While living in San Francisco, Kathy got tired of the sedentary writer's life. Truthfully, she wasn't always at ease in her body. In her work you can see that she was acutely wary of her femaleness. Sometimes she embraced it, and sometimes she ran like hell from it. She was quite happy when she discovered bodybuilding. It was easy to run into her at the now-closed Gold's Gym on Valencia Street. The gym itself, the machines and the process of pushing her body to new but controlled extremes fascinated her. So did the culture of the gym: The red-faced neo-Schwarzeneggers going into 'roid rages when someone stepped too close to them, or the alternating flirtatiousness and competitiveness of the female lifters. Kathy was never a big woman, but bodybuilding made her feel strong, like she didn't have to run from her own skin, like she could rewrite the meaning of a woman's body and make it her own.

In 1996, Kathy was diagnosed with breast cancer and had a double mastectomy. She refused follow-up treatment -- radiation and chemotherapy -- opting instead to look for alternative methods, including nutritional and spiritual healing, acupuncture and homeopathy. It was hard for some of us, her friends, to understand why she wouldn't even try Western approaches to treatment. I talked with her about it a lot and came to understand her position: Neither Western medicine nor alternative medicines are objective, scientific constructs. At their core, they're belief systems. And Kathy had simply stopped believing in the traditional, Western approach.

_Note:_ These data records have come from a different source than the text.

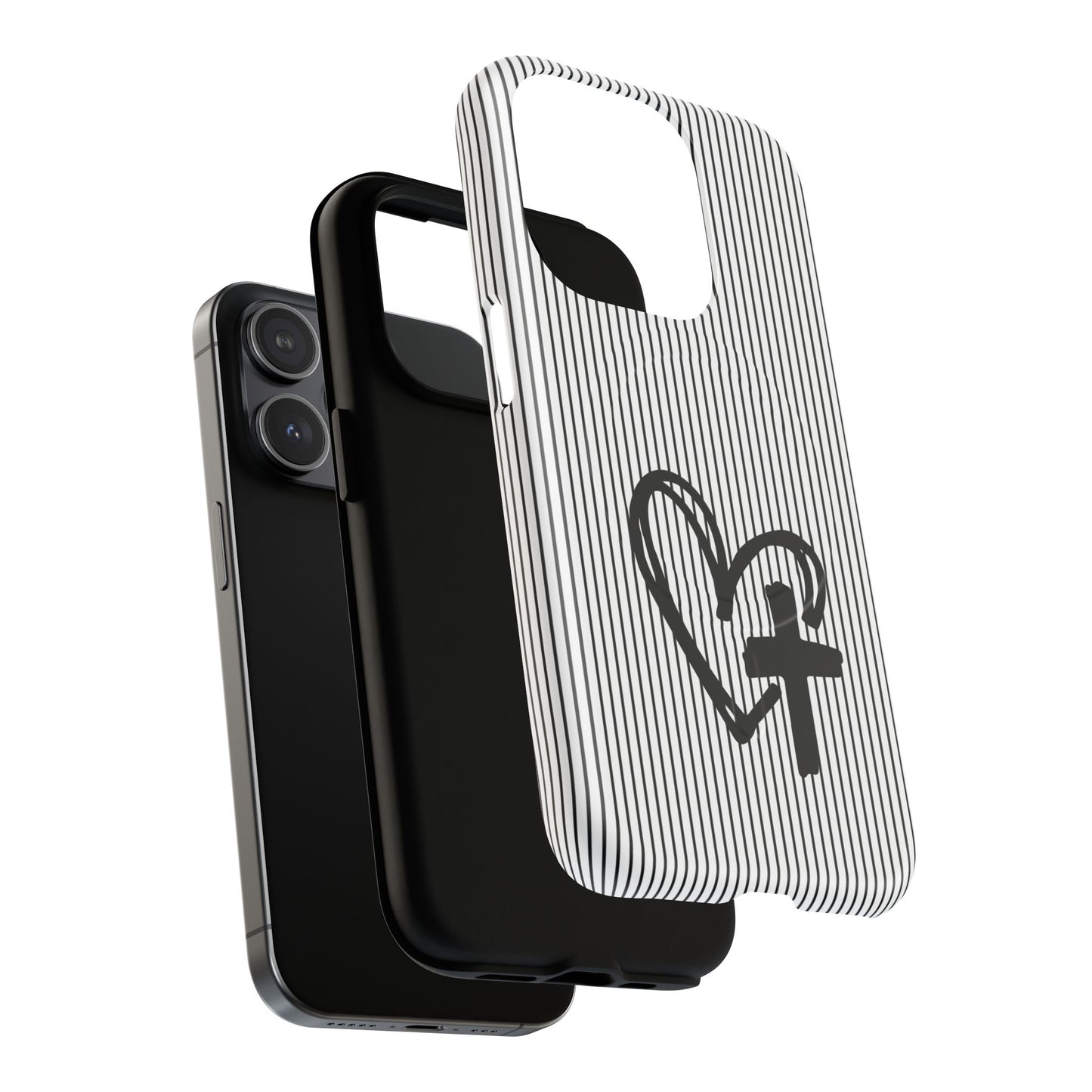 Tough Magnetic Phone Case with Heart & Cross Design, Durable Phone Cover, Unique Gift for Her, Stylish Accessory, Everyday Use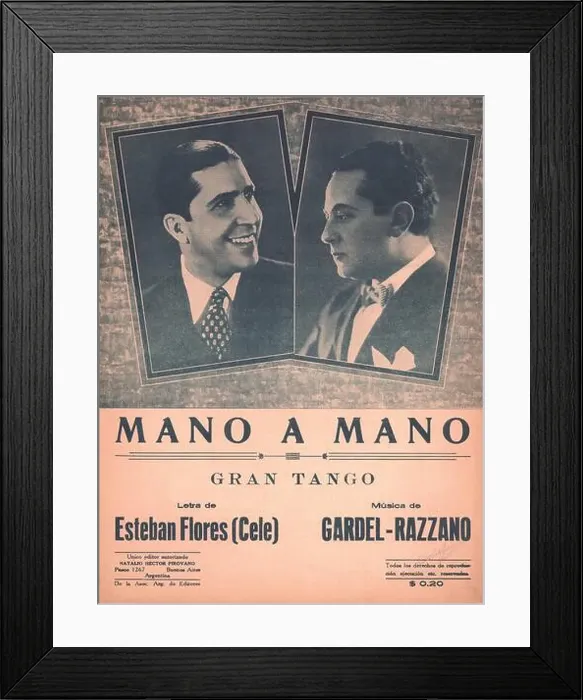 Framed Print : Partitura musical del tango Mano a mano, de Carlos Gardel y Razzano. Editado por Héctor Pirovano, Buenos Aires, 1928 Framed Print : Partitura musical del tango Mano a mano, de Carlos Gardel y Razzano. Editado por Héctor Pirovano, Buenos Aires, 1928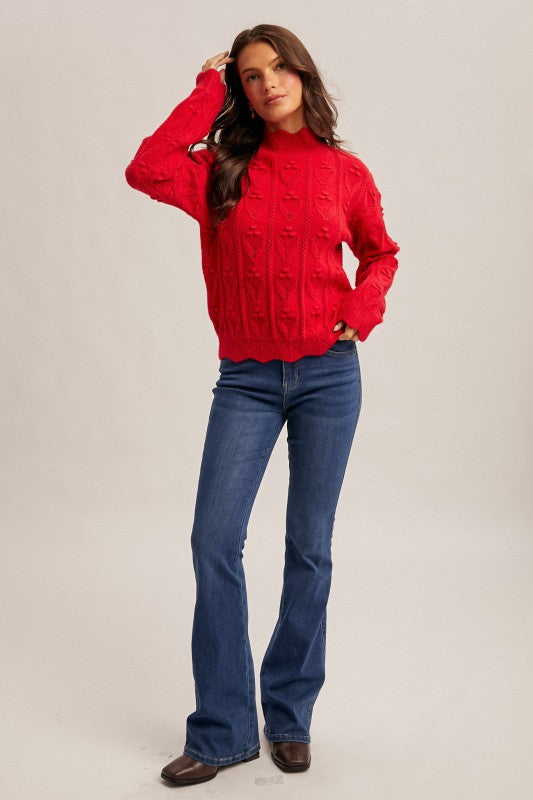 Cody Scalloped High Neck Sweater FINAL SALE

Kathy died in an alternative treatment center in Mexico at 1 a.m. on Sunday. When she went, there were no tubes in her body and no nervous interns standing by with crash carts and heart needles. She was lucid and without pain, and she just let go, which is just the way she wanted to make her exit.

During her career, Kathy wrote poetry, novels, opera librettos, plays, journalism and rock lyrics. She even performed with bands such as Tribe 8 and the Mekons. Robert Mapplethorpe took her photo. She toured all over the U.S., Europe and Australia, reading her work to standing-room audiences. She taught literature and writing to a lot of rich kids who probably didn't deserve her, but like all writers, she had to pay the bills. She once asked me to whip her in class at the San Francisco Art Institute when she was trying to wake up her too-hip-to-live art school students, but word got out and a tremulous department dean advised her against such an extreme demonstration of the works of de Sade.

I suppose I should have written more about her work here, but it's Kathy's life I'm thinking about these days. Her work doesn't need my help to find a home, but let me at least tell you that if you haven't read "Blood & Guts in High School," "Empire of the Senseless," "In Memoriam to Identity," "My Mother: Demonology," "Hannibal Lecter, My Father" or "Pussy, King of the Pirates" (her last book, and all the critics who hated it can kiss my ass), go out and read some of them now. They're all available. Kathy worked with Grove Press for years and was one of the few writers I know who could say that nearly everything she'd written was still in print. She inspired me to go to a smaller press for my next novel. Being in print isn't immortality, but for a writer, it's the next best thing.


By Richard Kadrey

Richard Kadrey is a columnist for the Site and the author of several books, including the "Covert Culture Sourcebooks" and the novel "Kamikaze L'Amour."